Pensando en el largo camino que los llevó hasta «La Mitad», un disco atravesado por la idea de la transición, ¿fue más importante seguir avanzando hacia lo que querían ser o mirar atrás, mientras ese pasado (personal, musical y emocional) se iba quedando definitivamente a la distancia?
Queríamos transmitir esa idea doble: la necesidad de avanzar, de ir hacia delante, pero también la importancia de mirar atrás, de aprender del pasado. Hemos hecho de todo. ¿Planificado mucho? Más bien poco. A decir: esto hay que quitarlo y fuera. Esta letra ya no me gusta porque no la siento así; ahora la siento de otra manera. Y ya está. Eso es el disco. Todo lo que habíamos proyectado, todo lo que teníamos pensado hacer —las voces, las melodías, las letras— lo hemos ido tirando sobre la marcha. De repente llegaba un momento en el que decíamos: esto hay que cambiarlo, esto se va fuera. Aparecía una idea nueva, algo que me venía a la cabeza, y decidíamos dejarlo así. Hemos cambiado cosas incluso cinco meses después de haberlas planificado. Teníamos un tema pensado de una manera, sabíamos cómo grabarlo, y de repente lo deshacíamos por completo. Incluso llegamos a grabar primero las baterías: diez baterías que luego cortamos, remezclamos, alteramos de forma casi aleatoria.
¿Este disco y sus letras les han servido más para entender lo que profesan o simplemente para decretar el caos que suena en esos temas tan revolucionados?
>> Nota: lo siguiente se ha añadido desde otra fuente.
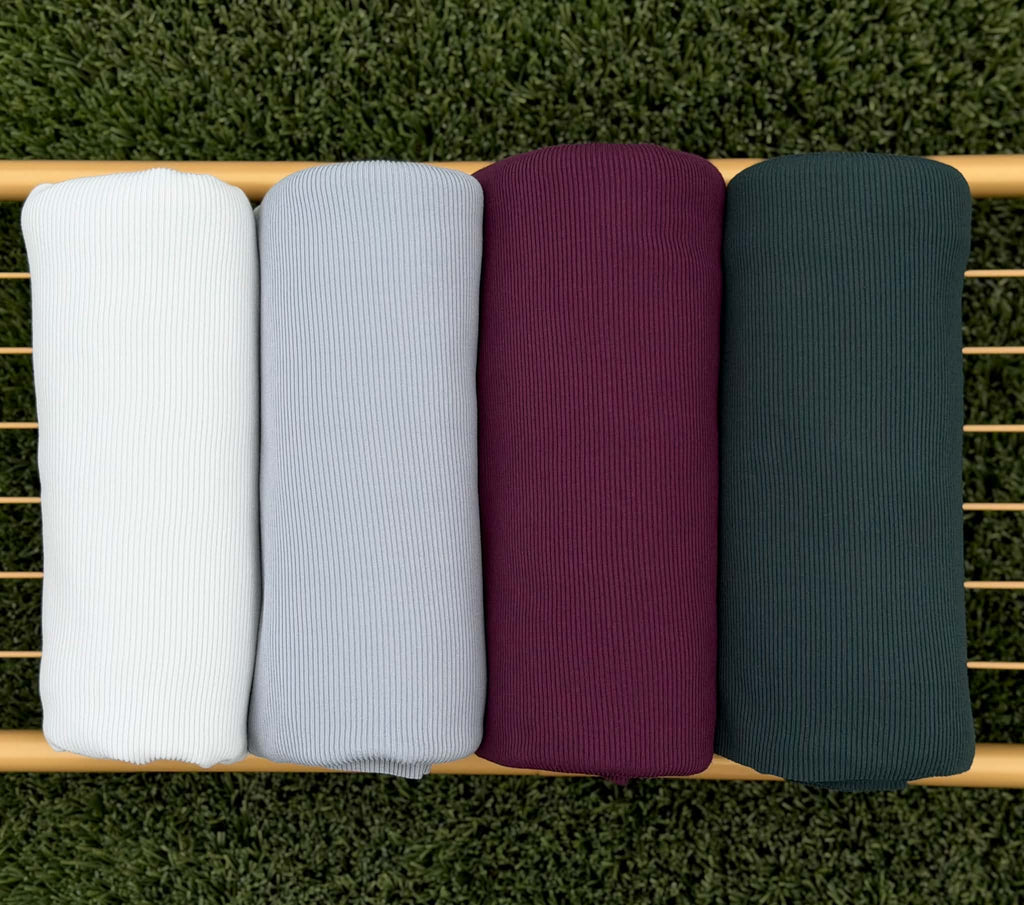 (2X2 SUPER COTTON FEEL RIB) GRAY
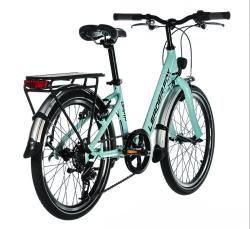 Leader Fox GAMP 20 GIRL, GREEN LIGHT dívčí kolo + výbava zdarma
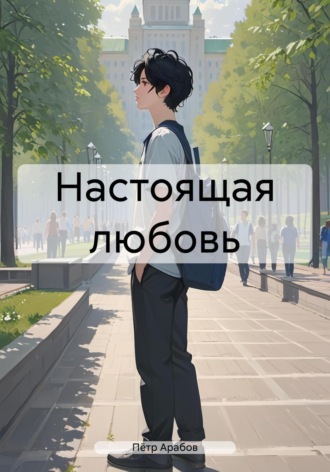 Обложка книги «Настоящая любовь»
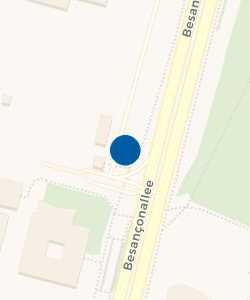 Vorschau: Karte von Station Besançonallee 99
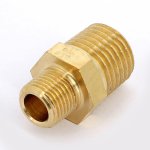 Ниппель переходной бронзовый 1/4"-1/8" НР Viega 441364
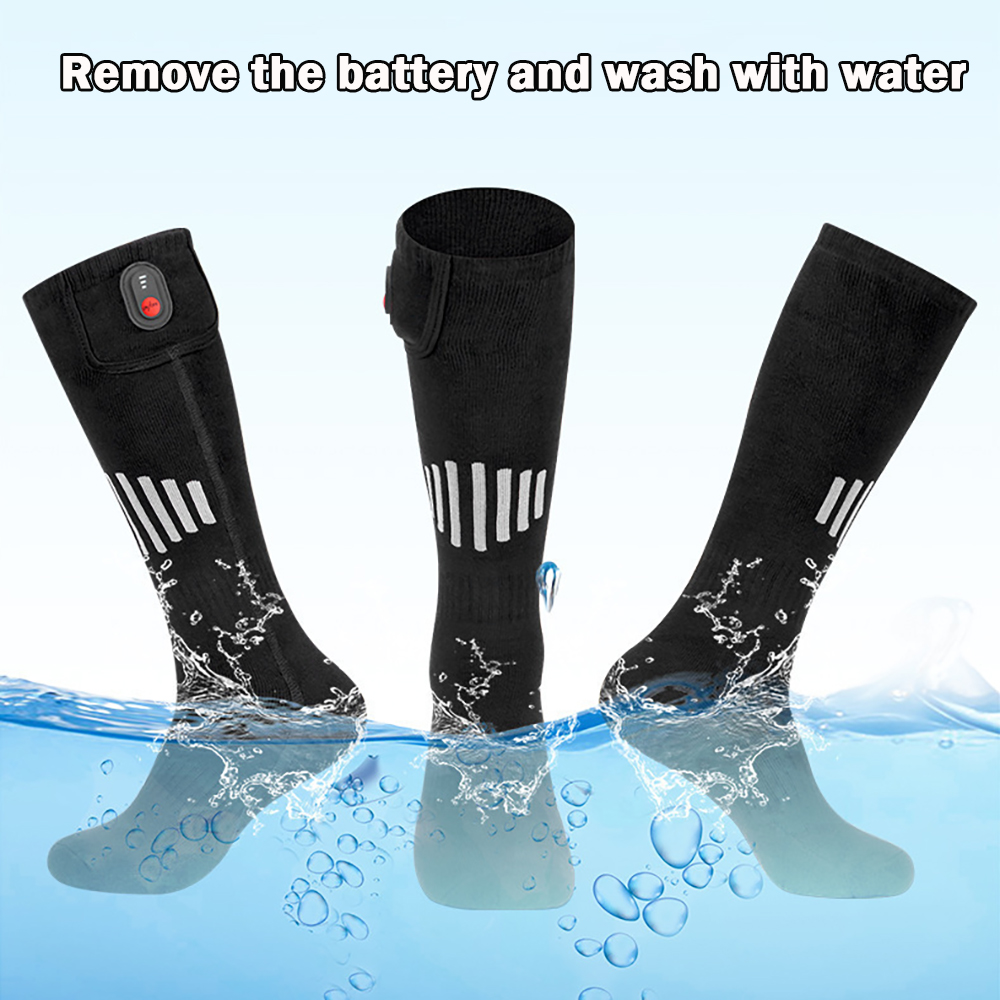 Winter Heated Socks With Batte - Outdoor Power Box のレビューと価格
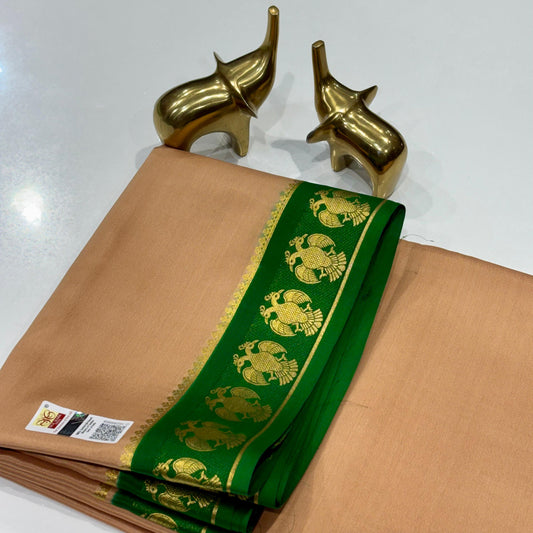 Pure Mysore Silk Saree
Hemos sido sinceros. Nos hemos quitado todas las capas que teníamos delante y lo que queríamos decir, lo hemos dicho sin rodeos. Nos ha ayudado a entendernos y a expresarnos. Este disco nos ha servido para muchas cosas, pero sobre todo para querernos más entre nosotros cuatro, para comprendernos mejor y para explayar algo que quizá nunca habíamos hecho antes: ser sinceros. Creo que eso es lo más importante de este disco.
«El hecho de llamar al disco La Mitad funciona como una especie de retrospectiva de nuestras propias vidas»
En un panorama donde todo se consume a una velocidad absurda, ¿les da más miedo no gustar o gustar demasiado rápido y quedar atrapados en una expectativa que todavía no sienten propia?
Gustar, al final, es algo que tiene que pasar. Si pasa, guay; si no pasa, también está bien. Cada uno conecta de una forma distinta: a una persona le puedes asustar y a otra puede que el mensaje le cale y lo lleve a su propia vida. No gustar, eso sí, a veces preocupa. Porque te hace preguntarte si el trabajo tiene que seguir haciéndose. Y el trabajo siempre tiene que seguir. La música exige renovación constante, exige hacer cosas nuevas todo el tiempo. Si no terminas de gustar, algo te está fallando, y entonces toca buscar la manera de renovarte, de cambiar cosas y de seguir trabajando en ello.
Cuando el álbum estuvo completo y lo escucharon de principio a fin, sin intervenir, sin tocar nada, ¿qué emoción ganó la batalla: la calma del trabajo hecho, el vacío que deja soltarlo o la certeza inquietante de haber dejado algo importante sobre la mesa?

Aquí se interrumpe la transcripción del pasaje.